Auto Workers Union Faces Growing Pressures

THE United Automobile Workers Union is still shrinking.

Cutbacks by Ford, Chrysler, and other employers forced the UAW to downsize during the 1980s. Its Canadian members split off to form their own union during that time.

The union's active membership is down more than a third since 1979.

More cuts are on the way. The recent management shake-up at General Motors Corporation suggests the company will move quickly to eliminate unprofitable units. Analyst Dan Luria of the Industrial Technology Institute forecasts the company will have to trim 106,000 jobs by 1995. That would mean GM would employ only 385,000 American workers - two-thirds the number it employed in 1979.

UAW leaders know the cuts are coming. UAW vice president Stephen Yokich is working with GM on an early-retirement program for 5,000 to 7,000 workers.

But it's not clear the union intends the kind of fundamental restructuring that would make it a positive, flexible force in General Motors' recovery.

"The UAW is not very together within GM," says David Cole, director of the Office for the Study of Automotive Transportation at the University of Michigan. "You had locals that were working almost as company unions. You had others that were militant and wanted to go back to the 1950s."

The troubles at the UAW not only reflect the loss of market share by the Big Three to foreign-owned auto companies. They also result from the big improvements in manufacturing techniques and management methods now taking place in auto plants and other factories in the United States. These are expected to force major changes on American institutions.

"There are certainly some good things going on," says John Jackson, professor of business administration at the University of Michigan. "The place I have real concerns is: Can we handle the politics of that [transition]?"

Not in the near future, says Richard Florida, professor of management and public policy at Carnegie Mellon University. It took nearly 50 years for the profound changes wrought by mass manufacturing to become institutionalized in US government policy (Roosevelt's New Deal of the 1930s).
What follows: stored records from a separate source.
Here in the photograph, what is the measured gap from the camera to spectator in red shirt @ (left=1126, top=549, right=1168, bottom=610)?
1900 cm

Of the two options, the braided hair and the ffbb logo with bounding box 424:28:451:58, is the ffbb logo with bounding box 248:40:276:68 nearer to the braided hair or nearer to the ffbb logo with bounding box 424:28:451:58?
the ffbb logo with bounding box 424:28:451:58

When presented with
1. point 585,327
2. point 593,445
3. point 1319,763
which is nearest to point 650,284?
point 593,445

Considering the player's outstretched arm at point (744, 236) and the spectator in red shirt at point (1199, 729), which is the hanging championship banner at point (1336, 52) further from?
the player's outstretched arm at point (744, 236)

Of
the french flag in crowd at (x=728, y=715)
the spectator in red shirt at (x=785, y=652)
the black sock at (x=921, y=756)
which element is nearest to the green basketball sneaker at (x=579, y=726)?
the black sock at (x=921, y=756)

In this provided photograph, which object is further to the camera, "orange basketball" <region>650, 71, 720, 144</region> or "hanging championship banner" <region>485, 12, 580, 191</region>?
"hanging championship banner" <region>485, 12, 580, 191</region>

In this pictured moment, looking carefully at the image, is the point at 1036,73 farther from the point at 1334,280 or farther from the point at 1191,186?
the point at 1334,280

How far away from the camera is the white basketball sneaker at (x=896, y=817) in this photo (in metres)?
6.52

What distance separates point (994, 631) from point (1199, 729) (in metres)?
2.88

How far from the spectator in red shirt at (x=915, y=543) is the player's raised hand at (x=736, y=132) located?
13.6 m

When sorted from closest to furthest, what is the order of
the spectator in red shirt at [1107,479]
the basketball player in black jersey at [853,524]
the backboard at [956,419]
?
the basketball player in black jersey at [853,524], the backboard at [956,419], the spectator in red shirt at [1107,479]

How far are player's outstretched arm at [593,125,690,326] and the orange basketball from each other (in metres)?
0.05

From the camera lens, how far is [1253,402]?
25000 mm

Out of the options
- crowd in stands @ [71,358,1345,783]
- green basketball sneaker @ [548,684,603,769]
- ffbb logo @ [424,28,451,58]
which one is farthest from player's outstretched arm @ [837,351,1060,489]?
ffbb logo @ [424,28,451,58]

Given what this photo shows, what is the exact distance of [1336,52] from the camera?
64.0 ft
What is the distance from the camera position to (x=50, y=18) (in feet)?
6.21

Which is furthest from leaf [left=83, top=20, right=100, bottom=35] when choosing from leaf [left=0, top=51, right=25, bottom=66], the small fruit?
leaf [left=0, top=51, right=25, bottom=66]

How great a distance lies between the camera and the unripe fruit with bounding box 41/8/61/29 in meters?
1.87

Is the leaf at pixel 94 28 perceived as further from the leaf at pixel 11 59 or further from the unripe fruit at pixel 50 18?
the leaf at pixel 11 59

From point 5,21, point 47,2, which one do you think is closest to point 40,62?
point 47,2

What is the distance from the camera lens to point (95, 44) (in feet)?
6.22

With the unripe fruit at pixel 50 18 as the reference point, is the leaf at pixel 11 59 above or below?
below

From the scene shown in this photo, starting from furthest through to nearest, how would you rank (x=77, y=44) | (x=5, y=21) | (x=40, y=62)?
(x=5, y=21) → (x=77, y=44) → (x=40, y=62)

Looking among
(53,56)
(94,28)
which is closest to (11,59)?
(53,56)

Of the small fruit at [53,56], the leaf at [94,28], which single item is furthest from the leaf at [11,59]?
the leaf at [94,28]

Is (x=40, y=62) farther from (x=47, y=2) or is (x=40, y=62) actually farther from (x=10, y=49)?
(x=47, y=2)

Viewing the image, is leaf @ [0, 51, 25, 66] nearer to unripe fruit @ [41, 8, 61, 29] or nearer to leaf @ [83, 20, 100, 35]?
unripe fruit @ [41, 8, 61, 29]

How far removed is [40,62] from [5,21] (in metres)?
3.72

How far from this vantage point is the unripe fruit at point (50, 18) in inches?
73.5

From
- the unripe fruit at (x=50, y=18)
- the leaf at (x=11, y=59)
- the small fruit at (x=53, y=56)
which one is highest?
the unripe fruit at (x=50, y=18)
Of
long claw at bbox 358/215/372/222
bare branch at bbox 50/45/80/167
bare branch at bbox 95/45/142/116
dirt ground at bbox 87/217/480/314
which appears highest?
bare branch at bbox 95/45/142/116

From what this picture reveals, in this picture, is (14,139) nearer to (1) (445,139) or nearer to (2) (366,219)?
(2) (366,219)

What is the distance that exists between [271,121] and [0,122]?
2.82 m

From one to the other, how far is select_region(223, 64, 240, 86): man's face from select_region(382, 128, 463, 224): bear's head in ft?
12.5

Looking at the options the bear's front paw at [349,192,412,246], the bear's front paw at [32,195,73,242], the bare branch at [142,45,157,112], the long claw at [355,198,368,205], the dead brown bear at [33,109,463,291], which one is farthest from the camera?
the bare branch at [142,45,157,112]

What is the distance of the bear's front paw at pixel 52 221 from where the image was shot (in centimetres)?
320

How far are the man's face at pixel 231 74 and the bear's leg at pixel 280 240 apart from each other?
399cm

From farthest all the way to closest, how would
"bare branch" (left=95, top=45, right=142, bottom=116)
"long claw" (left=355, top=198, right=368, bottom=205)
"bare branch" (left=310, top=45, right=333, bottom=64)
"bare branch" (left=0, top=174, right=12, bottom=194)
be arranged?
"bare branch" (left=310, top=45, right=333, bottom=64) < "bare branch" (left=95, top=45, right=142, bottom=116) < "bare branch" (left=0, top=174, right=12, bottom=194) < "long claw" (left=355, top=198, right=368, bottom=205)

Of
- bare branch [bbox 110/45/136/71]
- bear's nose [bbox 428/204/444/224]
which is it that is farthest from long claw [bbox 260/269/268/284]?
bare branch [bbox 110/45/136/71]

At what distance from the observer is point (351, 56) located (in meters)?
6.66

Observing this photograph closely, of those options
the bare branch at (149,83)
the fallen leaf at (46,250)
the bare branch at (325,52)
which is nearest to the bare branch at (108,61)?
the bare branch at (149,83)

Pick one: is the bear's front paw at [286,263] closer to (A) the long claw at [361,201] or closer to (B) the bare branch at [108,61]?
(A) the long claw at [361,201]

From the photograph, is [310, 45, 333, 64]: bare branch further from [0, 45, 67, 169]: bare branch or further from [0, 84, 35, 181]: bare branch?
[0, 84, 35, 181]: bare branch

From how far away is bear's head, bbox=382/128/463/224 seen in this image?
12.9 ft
"We're in 1890," Professor Florida says. The new manufacturing shift - from mass production to flexible, customizable production - is years away from transforming US policies. Union's role changing?

"Unions can be quite helpful ... if they realize that they will only get paid if they are part of a successful company," says Bill Davidow, co-author of a new book, "The Virtual Corporation." But "if the purpose is to address grievances and get a bigger share of profits, I don't think that's a big enough charter for unions. Ultimately, they will vanish."

"Normally, the union restructures almost as a reaction to the company restructuring," says Douglas Fraser, former UAW president and now professor of labor studies at Wayne State University. But these are not normal times.

The success of some UAW local unions in cooperative ventures - the Saturn car, for example - has opened some eyes, Mr. Cole says. "Increasingly they do realize the situation that they are in. Real job-security is provided only if the company has a long-term future."

Harry Katz of Cornell University disagrees: "For those kinds of experiments to amount to anything, you need the union to aggressively promote them. The union has decided to sit on the sidelines and negotiate the best severance package." Militant faction in UAW

UAW leaders aren't being stubborn. They just face different pressures. One is an internal UAW protest movement, called New Directions, that has accused the leadership of selling out to the companies. Analysts and outside observers agree that this militant faction is on the decline.

Another reason for union skittishness is that they've been burned before.

"The problem we find with too many of the American companies is that they say they want better cooperation on the factory floor," but on their own terms, says Stan Marshall, UAW vice president and director of the union's Chrysler department. "If you say, `I can do your job and mine' then, hey, they listen to you! But if you say: `That part doesn't fit because the engineering department messed up,' then they say: `Well, make it work.' "

"The real challenge is beyond the union and the management," Mr. Marshall adds.

Next year, the UAW and domestic automakers will sit down to conduct what promises to be a bruising round of contract talks. One of the biggest battles will be over health-care costs. Union members don't want any cuts in their benefits. Automakers argue the plans are too onerous.

The only long-term solution, Marshall says, is government-sponsored health care.